After 'green tax' approval, govt may put vehicle scrap policy on hold

The Ministry of Road Transport and Highways is of the view that the ecosystem is not in place for bringing in a proper policy at the moment
After Union Highways Minister Nitin Gadkari announced a “green tax” on older vehicles, the Union government intends to announce more such policy initiatives as opposed to a full-fledged vehicle scrapping policy as envisaged earlier.

“The announcement of green tax is a step towards the scrappage policy,” an official told Business Standard.

The Ministry of Road Transport and Highways is of the view that the ecosystem is not in place for bringing in a proper policy at the moment.

“We don’t have scrappage units, neither do we have the ecosystem to dispose of older vehicles in an environment friendly manner,” another official said.

He added there is a possibility that there may not be a vehicle scrappage policy and these announcements or these guidelines will serve as a road map for discarding vehicles.

Gadkari recently announced imposition of “green tax” on old, polluting vehicles. The proposal will go to the states for consultation before it is formally notified.

According to the proposal, green tax will be imposed on transport vehicles older than eight years at the time of renewal of the fitness certificate — at the rate of 10-25 per cent of road tax. Personal vehicles will also be charged the same levy at the time of renewal of registration certification after 15 years.


Public transport vehicles, such as city buses, will be charged a lower green tax.

In the case of vehicles being registered in highly polluted cities, a higher green tax (50 per cent of road tax) and a differential tax, depending on the fuel (petrol/diesel) variant and type of vehicle, will be charged.

Hybrids, electric vehicles, and alternative fuels — such as compressed natural gas, ethanol, and liquefied petroleum gas — will be exempted, along with farm vehicles, such as tractors, harvesters, and tillers.

The revenue collected from this will be kept in a separate account to be used for tackling pollution, and for states to set up facilities for emission monitoring, said an official statement.

Gadkari also approved the policy of deregistration and scrapping vehicles owned by government departments and public sector undertakings above 15 years old. The proposal is to be notified and will come into effect from April 1, 2022.

It is estimated that commercial vehicles, which constitute 5 per cent of the vehicle fleet, contribute 65-70 per cent to total vehicular pollution.
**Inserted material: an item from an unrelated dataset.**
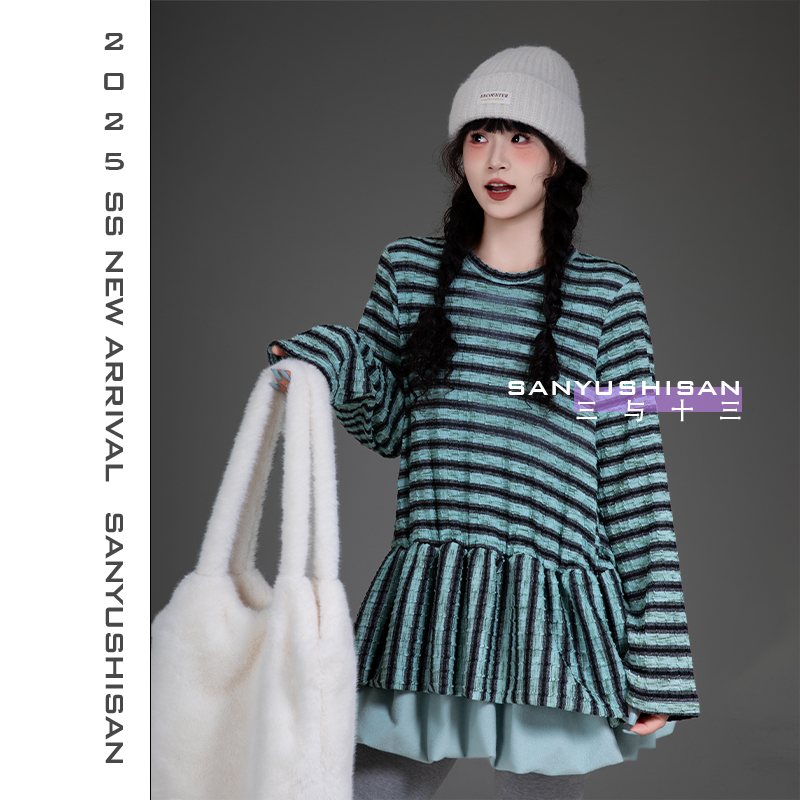 三与十三|周末美术馆|秋季基础韩系简约复古宽松休闲长袖T恤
The older fleet, typically manufactured before 2000, makes up for less than 1 per cent of the fleet, but contributes to 15 per cent of the vehicular pollution. These older vehicles pollute 10-25 times more than newer vehicles.

On July 26, 2019, the government had proposed amendments to motor vehicle norms to allow scrapping of vehicles older than 15 years in a bid to spur adoption of electrical vehicles.

In May 2016, the government had floated a draft Voluntary Vehicle Fleet Modernisation Programme that proposed to take 28 million decade-old vehicles off the road.